In October, when two public radio producers  were sacked in separate incidents for participating in the Occupy Movement, I was dismayed, but not surprised. NPR is often accused of liberal bias. But I can testify, as a former NPR freelancer, that the network's real slant lies neither to the right nor to the left, but to the spineless center, that is to say toward championing the views of mostly middle-aged white guys with money, power and influence, who are disproportionately represented on its airwaves, according to a recent study by FAIR (Fairness and Accuracy in Reporting).

NPR -- and they are hardly alone, in this respect -- is like those embedded journalists covering a war. They never find out what life is like for those on the other side. Mainstream media outlets like NPR tell us that they are having trouble figuring out what the Occupy Movement is about. They claim the protesters have no clear goals or coherent agenda. But while the pundits profess to being confused by what the activists are trying to say, polls show that more than half of Americans support the movement's aims.

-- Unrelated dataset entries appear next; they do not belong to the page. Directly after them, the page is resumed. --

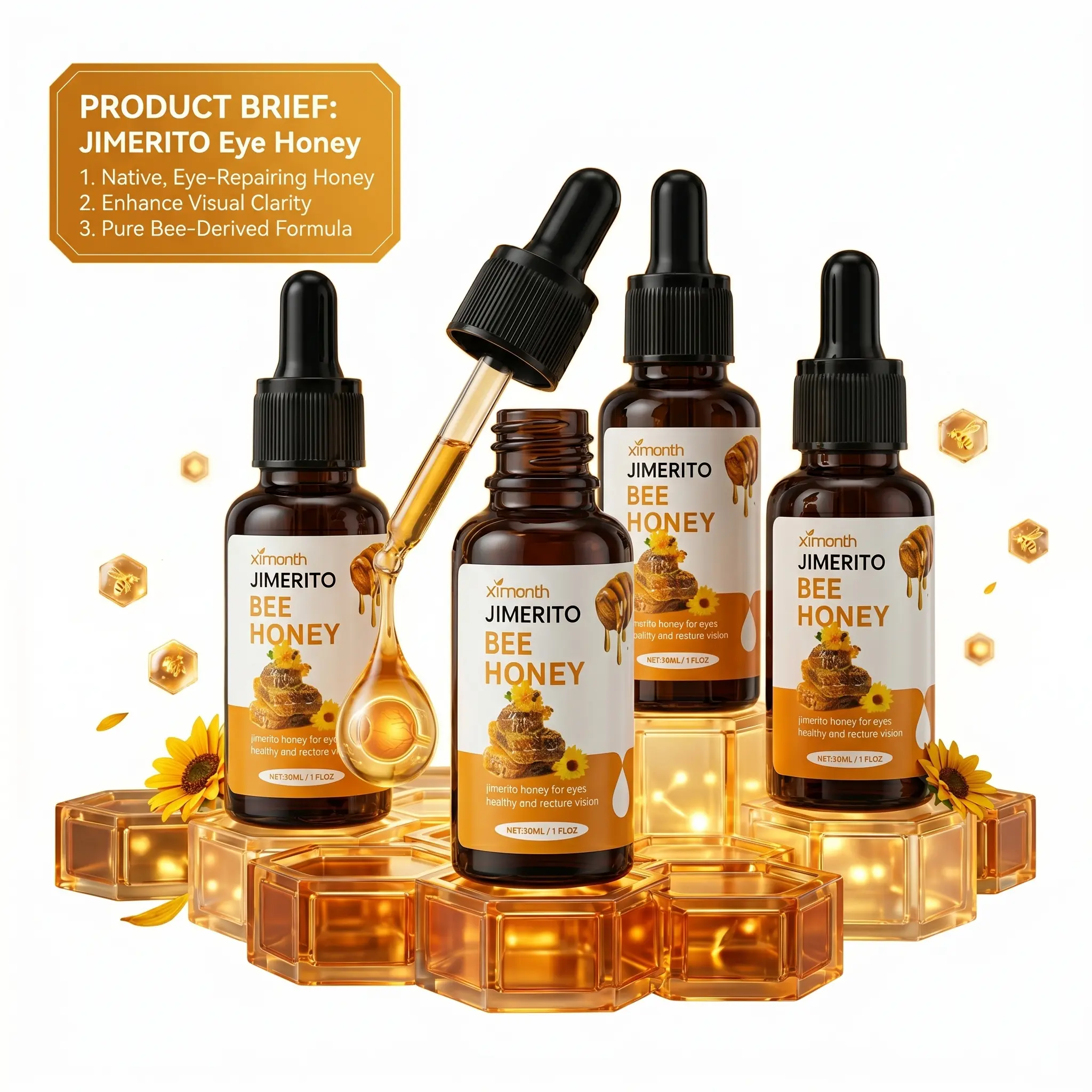 Jimerito Sweet Honey Eye Treatment Drops - Alcohol-Free Fortified Hydrating Natural Plant Formula, Lightweight Gentle Soothing Cleaning Essence for Dry Eyes, Adult Daily Comfort - 30g, Fortified Eye Treatments, Alcohol-Free Eye Treatments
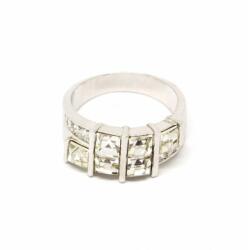 Pami Accessories Inel cu cristale Swarovski si strasuri zirconiu, argintiu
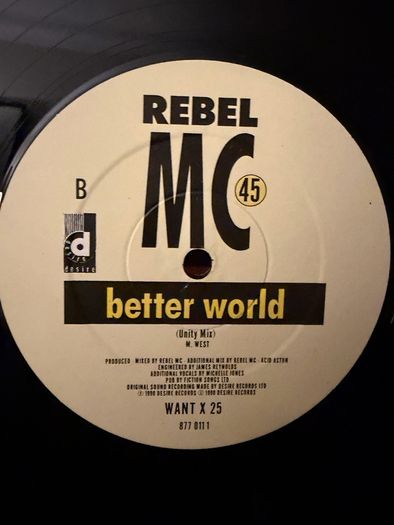 Rebel MC Better World Original 1990 12 Vinyl Peace Unity Mixes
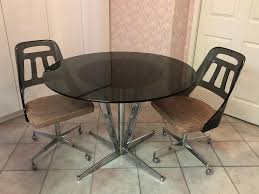 glass and steel kitchen table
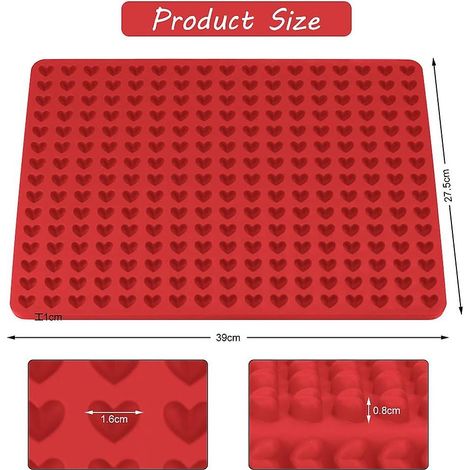 Tapis de cuisson en silicone en forme de cœur de 1 cm avec moules à arêtes, à poissons et à gâteaux, tapis de cuisson antiadhésif rouge en silicone pour biscuits, chocolats et plateaux à viande (1/4)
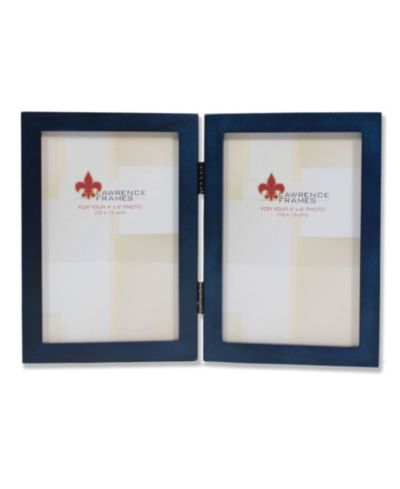 Lawrence Frames Hinged Double Blue Wood Picture Frame - Gallery Collection - 4" x 6"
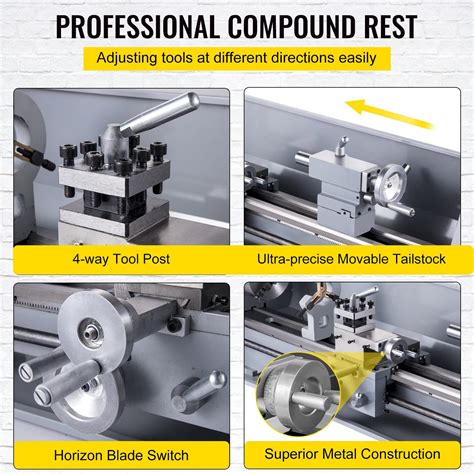 Vevor Metal Lathe X Mini Lathe Machine Rpm Variable Speed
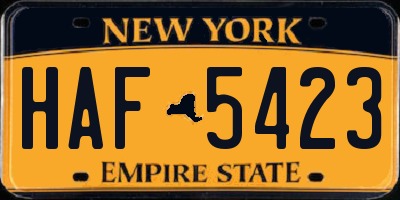NY license plate HAF5423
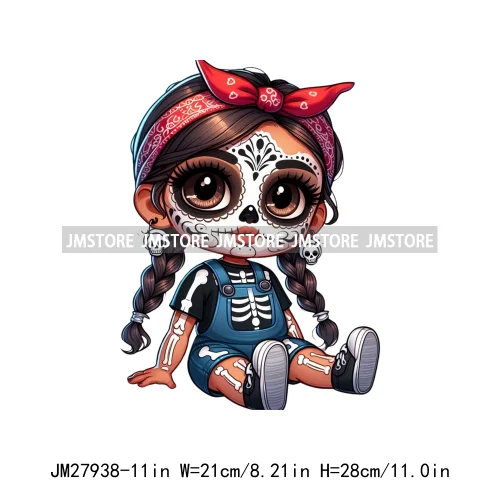 Halloween Skeleton Latina Baby Chibi Hispanic Girls Spooky Season DTF Iron On Transfers Stickers Ready To Press For Clothing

So why are these savvy and perceptive journalists so befuddled? Perhaps it is because they are hopelessly embedded in the very power structures that the protest is targeting. It may be hard for these inveterate insiders to hear what is going on beyond the political intrigues and legislative maneuvering which they are so adept at covering.

My own brief fling as a freelance reporter for NPR is instructive, I believe, mostly for the way in which it crashed and burned, so let's get right to that. Back in the mid nineteen-nineties I used to serve food at an open air soup kitchen near the Bowery in lower Manhattan and noticed how the lines were getting longer, and included more people who, judging by their dress, were neither the homeless, nor in many cases even the unemployed. Why were these "middle class" folks standing out in the cold for a free meal?

So I pitched a story to my editor in Washington on hunger in our nation's cities. The piece, which was broadcast on NPRs premier newsmagazine show Morning Edition on the day that Clinton's new welfare law went into effect, contained interviews with emergency food providers, people who were responsible for feeding the poor in the city's less affluent neighborhoods. The brunt of what I was being told was that there were millions of people in America who go to bed hungry, and that their numbers were poised to swell as welfare and food stamp regulations became more restrictive. Sadly, this prediction has proved all too accurate.

I was emboldened by the enthusiastic response to this underreported story, to pitch a piece on homelessness, even fantasized briefly about becoming NPR's poverty reporter-- you know, like they have a business reporter. For some reason my editor did not warm to this idea. He didn't even respond to my emailed pitch. So I gave him a call. "Haven't we spoken after your hunger story?" he asked. We had not. "Well you have been accused of liberal bias and we are not going to give you any more policy assignments," he summarily announced.

I was stunned -- accused of bias for reporting that people are hungry? "But Ken, you edited the piece yourself," I stammered, "Where exactly was the bias?" He had no answer, and I sensed from his halting tone that he was not happy, either. But the higher ups at the network had spoken, and I was now blackballed from reporting for the NPR newsmagazines, though I continued doing occasional pieces on the fringes of the public radio world for a while longer.

This experience was a wake-up call for me on the nature of the media. I had always looked up to reporters and been drawn to the journalistic profession from an early age. As a boy, I remember marveling at the logo on the masthead of the New York Times -- "All the News That's Fit to Print" -- not because I was skeptical of this audacious claim, but, on the contrary, because I believed it. Nobody could doubt back then that the Grey Lady was the newspaper of record, the veritable house organ of reality itself, at least in my family.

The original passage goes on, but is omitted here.